The word “tonneau” refers to a watch with a barrel-shaped case, and the design originated with Cartier, in 1906 I believe. As such it was one of the very first watch designs specifically intended as a wristwatch (most early wristwatches, from the late 19th century are essentially repurposed pocket watches, often in cuplike leather holders). It is a most elegant and original design – or at least it was in 1906; the design has been used by myriad brands over the years but not always to the fine effect achieved by Cartier.

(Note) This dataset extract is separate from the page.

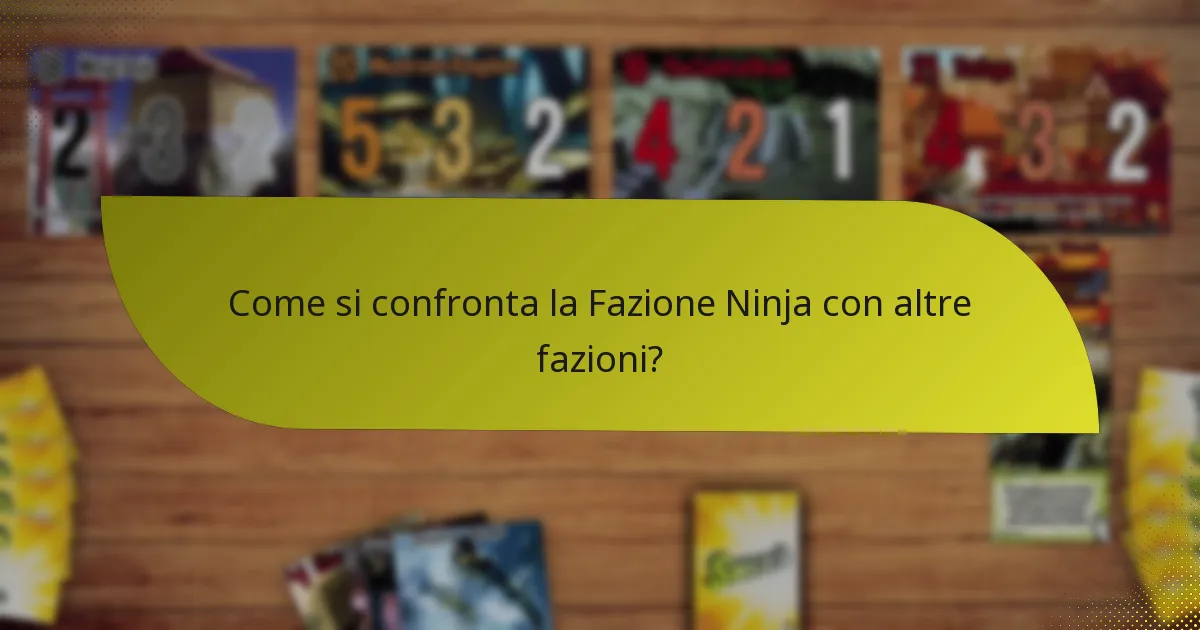 Quali sono le debolezze della Fazione Ninja?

Cartier does have what amount to tonneau watches in its current collection; I would look at the Tortue simple men’s watches, and also the Drive de Cartier, especially the extra flat model. From other brands, Vacheron has its Malte collection – like everything from Vacheron, lovely watches although a bit expensive for what they are (like everything from Vacheron these days). I would also look at a Breguet. Their Heritage collection is all tonneau cases, and though it may be a bit small for some fellows I have always felt that the ref. 8806, with its moonphase display, is a lovely watch (and to repeat the sad refrain, expensive for what it is … nice watch though).

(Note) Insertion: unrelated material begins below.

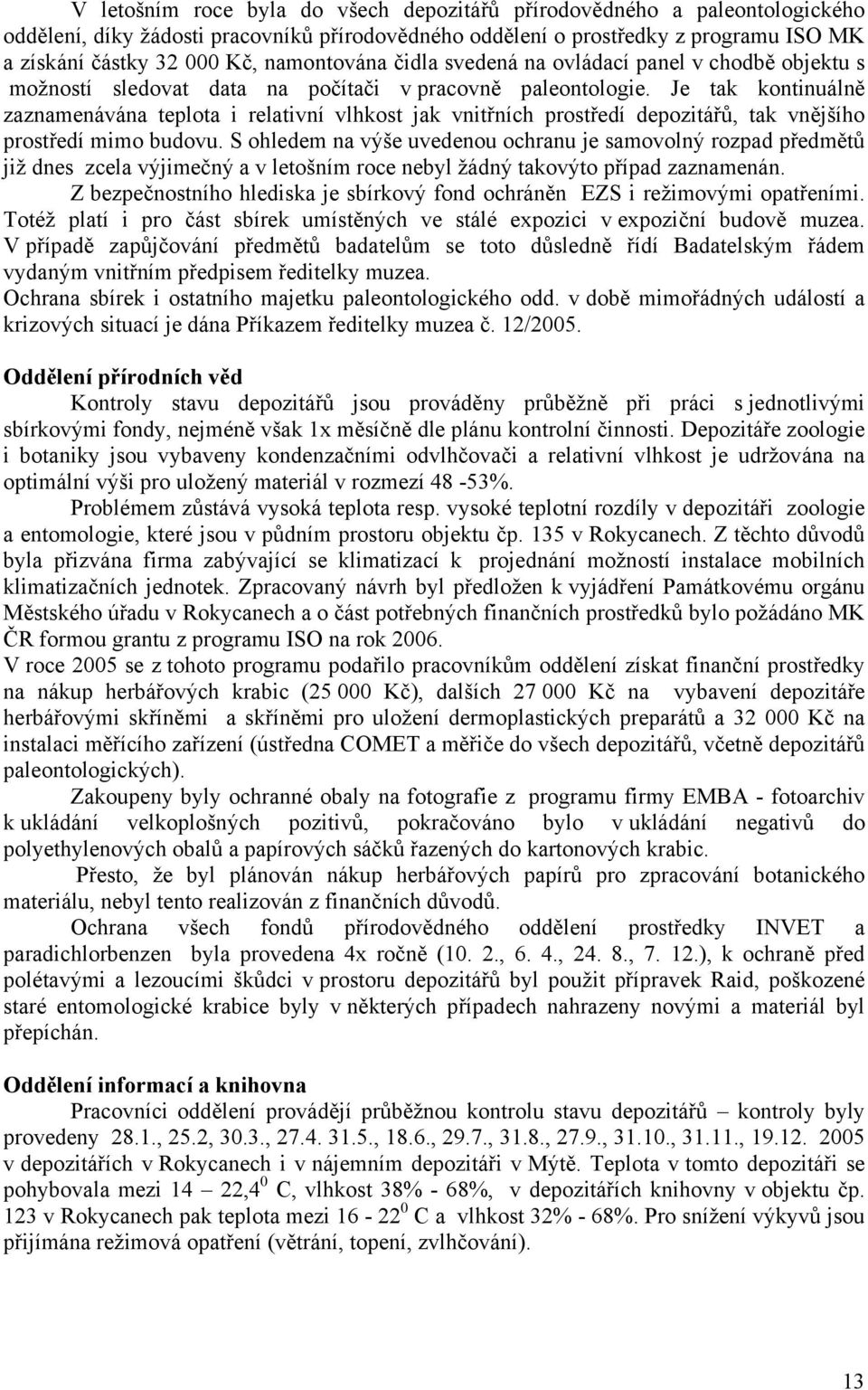 Je tak kontinuálně zaznamenávána teplota i relativní vlhkost jak vnitřních prostředí depozitářů, tak vnějšího prostředí mimo budovu.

The Other Engagement Watch (Not A Rolex)
Hi Watch Snob,
Looking for some advice and who better to turn to than yourself!
Unconventionally I am breaking female stereotype and planning on proposing to my boyfriend in the coming months – not with a ring but with a watch. He has a thing for Bell and Ross watches, possibly to do with his love for flying, namely paragliding. However after reading your article and finding out that they don’t actually make the automatic movement I was a little put off. Can you suggest any alternative brands that would be an excellent choice? He’s not much of a Rolex/Tag man, he’s an action adventure kinda guy. I am looking at around 5000 Euro / $5800 budget.
Any help would be massively appreciated! I really want this to be one of the most special things I can do for him!
Well, ordinarily I’d strongly suggest Rolex; an Oyster Perpetual is as solid a piece of watchmaking as you can ask for at that price, and moreover it holds its value well (nothing to sneeze at in this uncertain world). It seems probable however that you already know this, to some extent, and that you also know that Rolex makes pretty much everything in-house, and have decided you’d rather spend your money elsewhere. Besides, if your young man prefers not to wear a Rolex, there is not much point in suggesting you get him one.
For a fellow who loves flying and aviation, one very obvious choice is the Omega Speedmaster Professional; the prices have gone up a bit over the last few years (what hasn’t) but it is still a watch that can be had new for less than six thousand dollars, and a better example of the art of the mid-century sports chronograph, you would be hard pressed to find. If he already knows watches a bit, I think there is an excellent chance it would please him and if he does not, I think he would find it to be, as so many of us have, one of those watches that becomes more and more of a joy to wear, the more you know about its history.